The annual deductible for participants with family coverage must be between $5,300 and $7,900 for 2023. For family coverage, the out-of-pocket expense limit is $9,650.
The IRS often extends tax filing and payment deadlines for victims of major storms and other disasters. Consult IRS disaster relief announcements to determine your eligibility.
Estate Tax Exemption and Annual Gift Exclusion
Estates of people who die during the tax year have a basic estate tax exemption amount of $12.92 million in 2023. The annual exclusion for gifts is $17,000 for 2023.
What Is the Deadline for Filing My 2023 Tax Return?
Your 2023 tax return is due by Monday, April 15, 2024, unless you live in Maine or Massachusetts. Your deadline is April 17 if you live in either of these states because they observe national holidays on April 15 and 16. You can get an automatic six-month extension by filing Form 4868, the Application for Automatic Extension of Time to File U.S. Individual Income Tax Return.
Should I Hire a Tax Preparer or Use Tax Software?
A slight majority of people in the U.S. pay a professional tax preparer to file their returns but tax software such as TurboTax has made it easier for people to prepare and file their own returns. The decision can come down to cost: Tax software is generally cheaper than hiring a tax pro.
But you should also consider the complexity of your return. Go the pro route if you own a business, had a major life event, or want to itemize. Consider your tax proficiency and your schedule. Of course, an experienced tax preparer may save you more money in taxes than you would spend on their services, so that should be taken into account, too.

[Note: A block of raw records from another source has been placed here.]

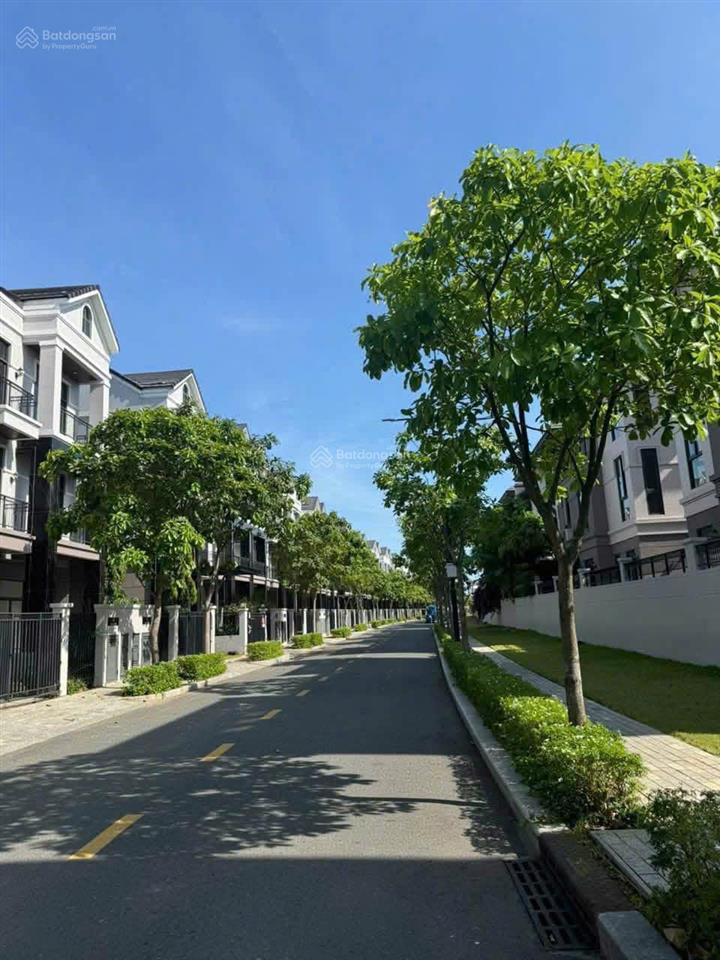 Hàng ngộp cần bán nhà phố zeitgeist gs metrocity. giá siêu rẻ  0987 490 *** mai anh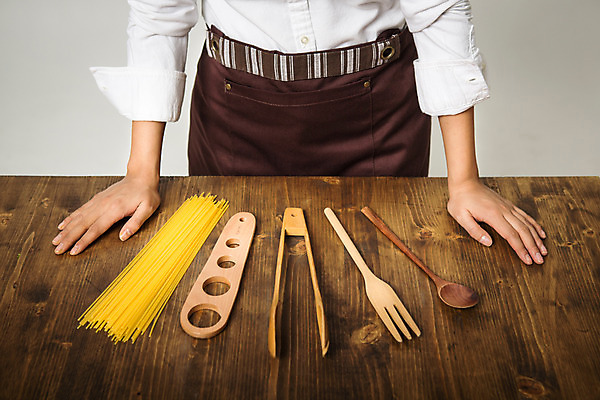 포토 JPG 스튜디오촬영 백그라운드 포크 주방용품 파스타 실내 집게 한명 사람 성인 주방 숟가락 요리사 면류 면 조리대 식자재 성인만 국내포토 직업 1 식기 음식 생활용품 서양음식 수저 내부 파일형식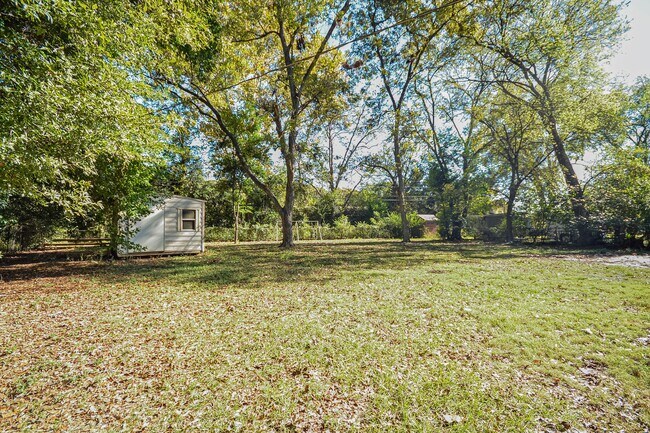 Building Photo - 928 Grenada Dr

Why Are There So Many Tax Changes Every Year?
The IRS adjusts tax rates and income brackets yearly to keep pace with inflation. More than 60 tax provisions are tweaked each year but not all are adjusted. For example, the Lifetime Learning Credit hasn’t been adjusted since 2020.
The Bottom Line
IRS inflation adjustments intend to keep federal taxes in line with inflation. Given that inflation started climbing in 2021 and continued climbing further in 2022 to historically high levels, particularly when compared to the last few decades, it’s important to note the adjustments from previous years. It’s also helpful to keep tabs on tax law changes that are unrelated to inflation.
This information can help you plan for the 2023 tax year and beyond. Just be sure to keep an eye on 2024 adjustments going forward so you can plan ahead for that tax return due in 2025.